**ACTIVITY:** Copy the entries below word for word, but omit any pictures they contain.

**THE INPUT:**
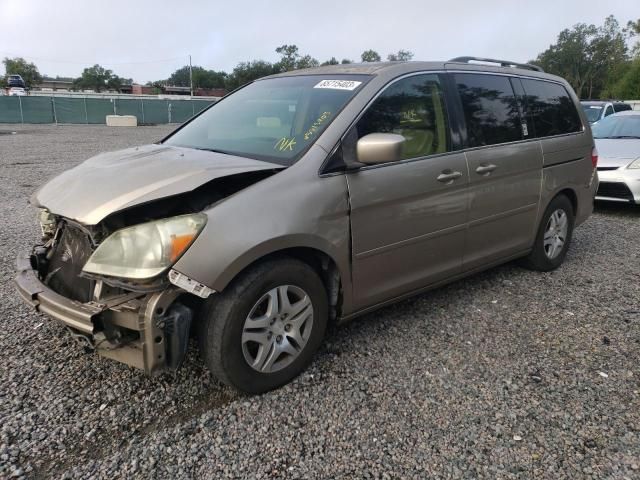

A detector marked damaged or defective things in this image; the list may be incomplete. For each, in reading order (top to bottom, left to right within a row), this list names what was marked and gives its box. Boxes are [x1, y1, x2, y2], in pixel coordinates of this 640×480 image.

crushed bumper [14, 253, 190, 374]
crumpled front end [14, 218, 195, 376]
broken headlight [82, 213, 206, 280]
damaged honda odyssey [12, 58, 596, 394]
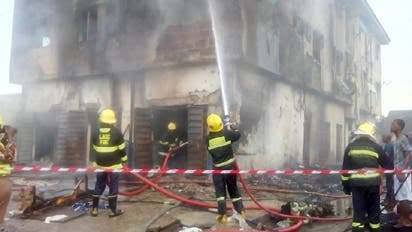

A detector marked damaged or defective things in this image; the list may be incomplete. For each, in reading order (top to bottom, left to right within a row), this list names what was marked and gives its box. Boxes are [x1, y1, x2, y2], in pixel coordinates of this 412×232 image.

burned building [9, 0, 390, 169]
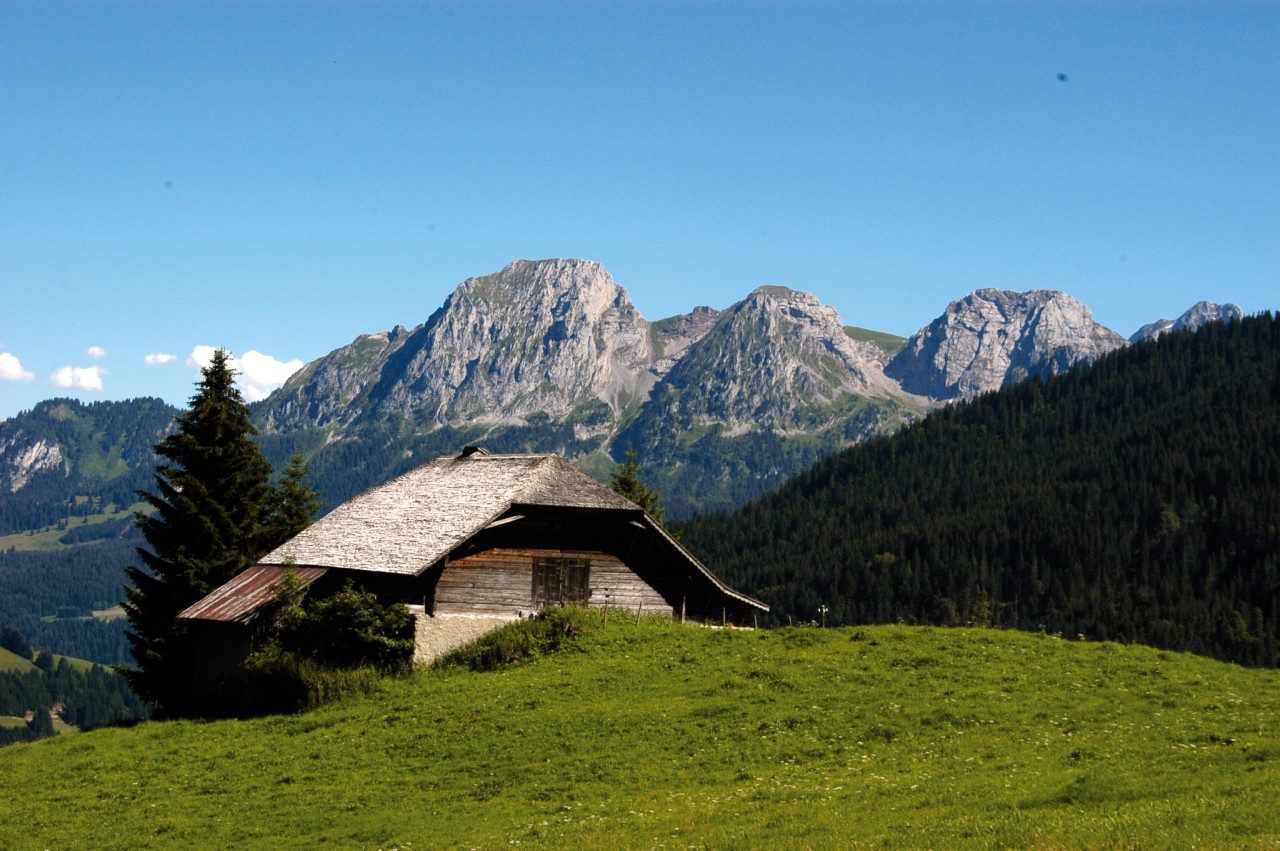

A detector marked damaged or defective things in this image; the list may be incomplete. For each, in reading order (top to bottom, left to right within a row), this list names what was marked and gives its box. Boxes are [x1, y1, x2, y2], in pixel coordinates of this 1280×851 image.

rusty metal roof [176, 563, 330, 624]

**RESPONSE TO THIS EXERCISE:**
A detector marked damaged or defective things in this image; the list may be incomplete. For each, in reading order (top to bottom, left to right within a row), this list names what was marked and gives its box. Boxes are [x1, y1, x2, y2], in pixel coordinates of this 640×480 image.

crushed bumper [14, 253, 190, 374]
crumpled front end [14, 218, 195, 376]
broken headlight [82, 213, 206, 280]
damaged honda odyssey [12, 58, 596, 394]

A detector marked damaged or defective things in this image; the list may be incomplete. For each, in reading order (top to bottom, left to right within a row), this list names what was marked and gives its box. Boxes are [x1, y1, x2, y2], in pixel coordinates of this 412×232 image.

burned building [9, 0, 390, 169]

A detector marked damaged or defective things in this image; the list may be incomplete. For each, in reading order (top to bottom, left to right within a row), this list names what was marked and gives its box. Boxes are [x1, y1, x2, y2], in pixel coordinates of this 1280×851 image.

rusty metal roof [176, 563, 330, 624]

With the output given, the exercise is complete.